◆ **Data excerpt**
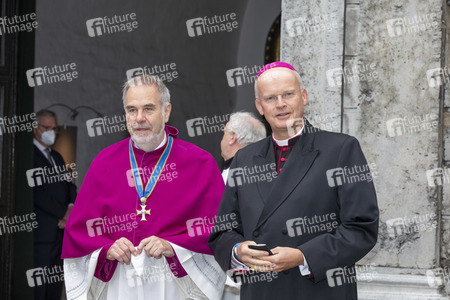 Ökumenischer Gottesdienst für die Opfer der Flutkatastrophe in Aachen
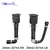 Acessórios para carro 28642-EJ70A LH 28641-EJ70A RH Bico lavador de farol dianteiro para INFINITI M35/45 VQ35HR VK45DE VQ35DE 2005-2008
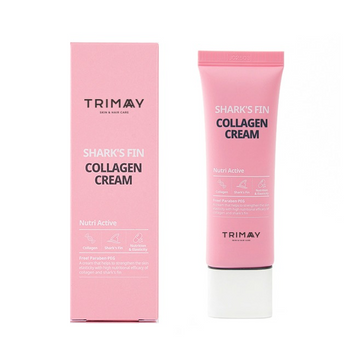 Ліфтинг-крем для обличчя з колагеном Trimay Collagen Sharks Fin Cream, 50 мл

◆ **Try it**
Strip out the pictures and reproduce the remaining material above exactly.

◆ **Problem solution**
 Ökumenischer Gottesdienst für die Opfer der Flutkatastrophe in Aachen
 Acessórios para carro 28642-EJ70A LH 28641-EJ70A RH Bico lavador de farol dianteiro para INFINITI M35/45 VQ35HR VK45DE VQ35DE 2005-2008
 Ліфтинг-крем для обличчя з колагеном Trimay Collagen Sharks Fin Cream, 50 мл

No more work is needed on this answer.